In 2008, Lambert and fellow researchers2 confirmed what Rozen found. In a placebo-controlled study, they showed that teenage girls given an additional 555 mg of supplemental calcium achieved significantly greater gains in their total body density, compared to the teenage girls given the placebo pill.

The Take-Home Message

In an ideal world, teenage girls would consume 1,200-1,500 mg of calcium a day from food, go to the gym and lift weights three times per week, perform aerobic exercise regularly, avoid foods, beverages and behaviors that rob the body of calcium (such as soda pop, salty foods and drinks, alcohol, caffeine and cigarettes), and get the full gambit of other bone support nutrients, including vitamin D, magnesium, zinc, copper, B vitamins, silicon and protein.

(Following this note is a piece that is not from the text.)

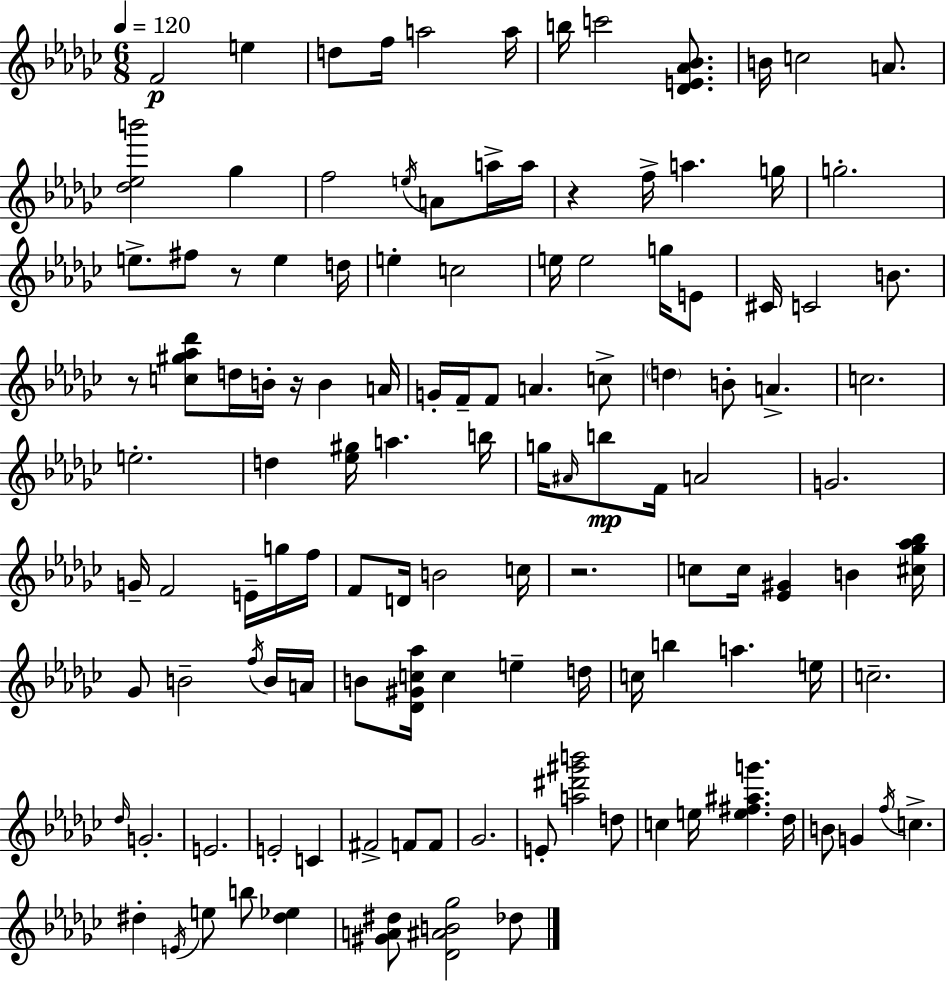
F4/h E5/q D5/e F5/s A5/h A5/s B5/s C6/h [Db4,E4,Ab4,Bb4]/e. B4/s C5/h A4/e. [Db5,Eb5,B6]/h Gb5/q F5/h E5/s A4/e A5/s A5/s R/q F5/s A5/q. G5/s G5/h. E5/e. F#5/e R/e E5/q D5/s E5/q C5/h E5/s E5/h G5/s E4/e C#4/s C4/h B4/e. R/e [C5,G#5,Ab5,Db6]/e D5/s B4/s R/s B4/q A4/s G4/s F4/s F4/e A4/q. C5/e D5/q B4/e A4/q. C5/h. E5/h. D5/q [Eb5,G#5]/s A5/q. B5/s G5/s A#4/s B5/e F4/s A4/h G4/h. G4/s F4/h E4/s G5/s F5/s F4/e D4/s B4/h C5/s R/h. C5/e C5/s [Eb4,G#4]/q B4/q [C#5,Gb5,Ab5,Bb5]/s Gb4/e B4/h F5/s B4/s A4/s B4/e [Db4,G#4,C5,Ab5]/s C5/q E5/q D5/s C5/s B5/q A5/q. E5/s C5/h. Db5/s G4/h. E4/h. E4/h C4/q F#4/h F4/e F4/e Gb4/h. E4/e [A5,D#6,G#6,B6]/h D5/e C5/q E5/s [E5,F#5,A#5,G6]/q. Db5/s B4/e G4/q F5/s C5/q. D#5/q E4/s E5/e B5/e [D#5,Eb5]/q [G#4,A4,D#5]/e [Db4,A#4,B4,Gb5]/h Db5/e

At the very least, I suggest you speak to patients who have teenage girls about putting them on a high-potency multiple vitamin and mineral that contains 500 mg of elemental calcium and 400 IU of vitamin D, along with some zinc, copper and magnesium. In many cases, it's also a good idea to add one caplet of a bone support supplement that can provide an additional 250 mg of calcium and 200 IU of vitamin D, along with silicon, ipriflavone and other bone support nutrients.

Why is this so important for girls? Later in life, the decline in estrogen (around menopause) is the major trigger that promotes calcium loss from bone. This is the reason more women than men get osteoporosis. However, one in eight men over the age of 50 now develops osteoporosis, and thus, the same prevention program is suitable for teenage boys.

Men are living longer and osteoporosis is becoming a major health condition that really starts to be a factor over the age of 65. Once again, optimal calcium and vitamin D intake during the teenage years is a critical determinant of one's risk for osteoporosis later in life - whether female or a male.

References

  1. Rozen G, Renneri G, Dodiuk-Gad R, et al. Calcium supplementation provides an extended window of opportunity for bone mass accretion after menarche. Am J Clin Nutr, 2003;78:993-8.
  2. Lambert HL, Eastell R, Karnik K, et al. Calcium supplementation and bone mineral accretion in adolescent girls: an 18-mo randomized controlled trial with 2-y follow-up. Am J Clin Nutr, 2008;87(2):455-62.